Luan Costa, nutricionista
como perder gordura abdominal

Como perder gordura abdominal: o que funciona de verdade e o mito da barriga localizada

15 de junho de 2026 · 8 min de leitura

Um paciente novo, homem de 41 anos, sentou na minha frente e resumiu a queixa melhor do que qualquer artigo. Ele disse: Luan, eu nem ligo tanto pro resto. Eu queria que essa barriga sumisse. Eu faço abdominal todo dia, faço prancha, comprei até aquele aparelho de televendas. E ela continua exatamente onde estava.

Eu ouvi aquilo com carinho, porque essa frase carrega um esforço real que ninguém viu. A pessoa não está sendo preguiçosa. Está tentando do jeito que aprendeu. O problema é que o jeito que a internet ensina a perder barriga é, na maior parte das vezes, baseado numa ideia que a fisiologia nunca confirmou. E enquanto a pessoa acredita nessa ideia, ela gasta energia no lugar errado e se frustra com o próprio corpo.

Então vamos por partes, com calma, do jeito que eu faria no consultório. Sem terrorismo, sem promessa de barriga chapada em 30 dias. Só o que de fato muda a barriga.

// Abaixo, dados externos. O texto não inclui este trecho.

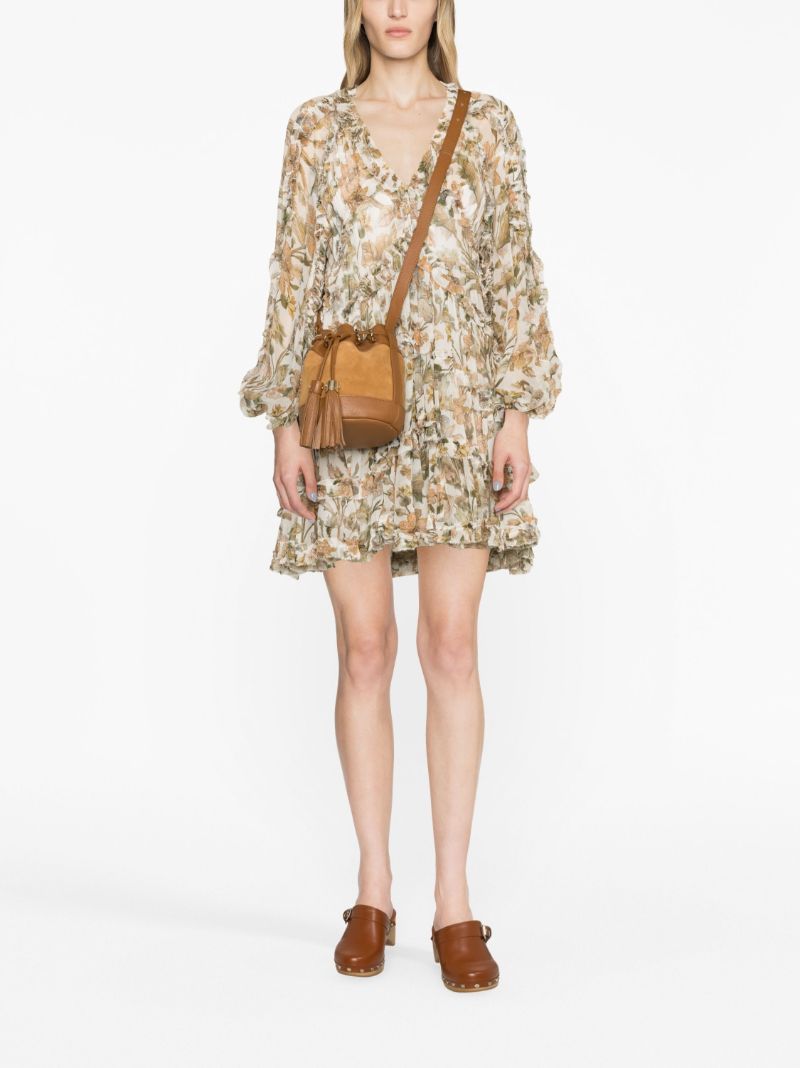 Brown Vicki Small Suede Bucket Bag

Gordura localizada existe, mas você não escolhe de onde ela sai

Vou começar desfazendo o nó central, porque tudo depende disso. A gordura localizada existe no sentido de que cada corpo acumula mais gordura em certas regiões. Tem gente que guarda mais na barriga, tem gente que guarda mais no quadril, na coxa, nas costas. Isso é real e tem a ver com genética, com hormônios, com a sua história. Até aí, sem novidade.

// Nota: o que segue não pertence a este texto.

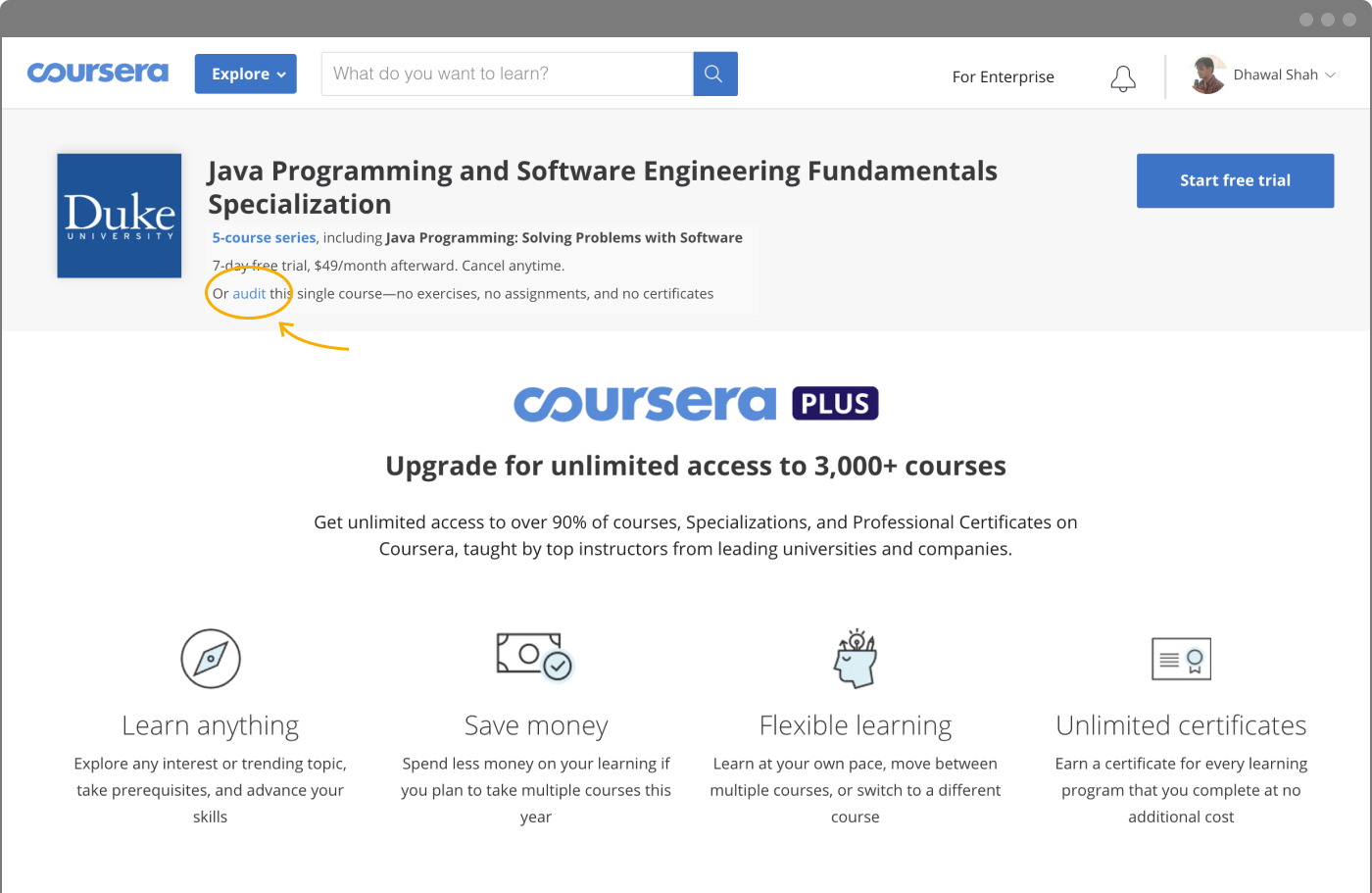 Coursera Audit Link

O que não existe é a capacidade de mandar o corpo tirar gordura de um lugar específico fazendo exercício naquele lugar. Quando você emagrece, a gordura sai do corpo inteiro de uma vez, num ritmo que o seu corpo decide, e não você. A barriga costuma ser a primeira a chegar e a última a sair justamente porque é a região que o corpo prioriza pra estocar reserva. Frustrante? É. Mas saber disso muda tudo na sua estratégia.

Você escolhe perder gordura. Quem escolhe a ordem em que ela sai é o seu corpo.

Um exemplo simples que eu uso muito: pensa na gordura do corpo como a água de uma piscina. Quando você esvazia a piscina, o nível desce por igual em todos os cantos. Você não consegue esvaziar só o canto raso e deixar o fundo cheio. Fazer mil abdominais esperando secar a barriga é como ficar tirando água com a mão só de um lado da piscina. Você se cansa, sente que trabalhou, e o nível da água continua o mesmo no ponto que você queria.

Por que fazer abdominal não seca a barriga

Essa é talvez a dúvida mais buscada de todas, então vale gastar um parágrafo bom nela. Fazer abdominal é um ótimo exercício. Ele fortalece o seu core, melhora postura, ajuda na estabilidade da coluna, protege você nas atividades do dia a dia. Eu não tenho nada contra abdominal. O que ele não faz é queimar a gordura que está por cima do músculo.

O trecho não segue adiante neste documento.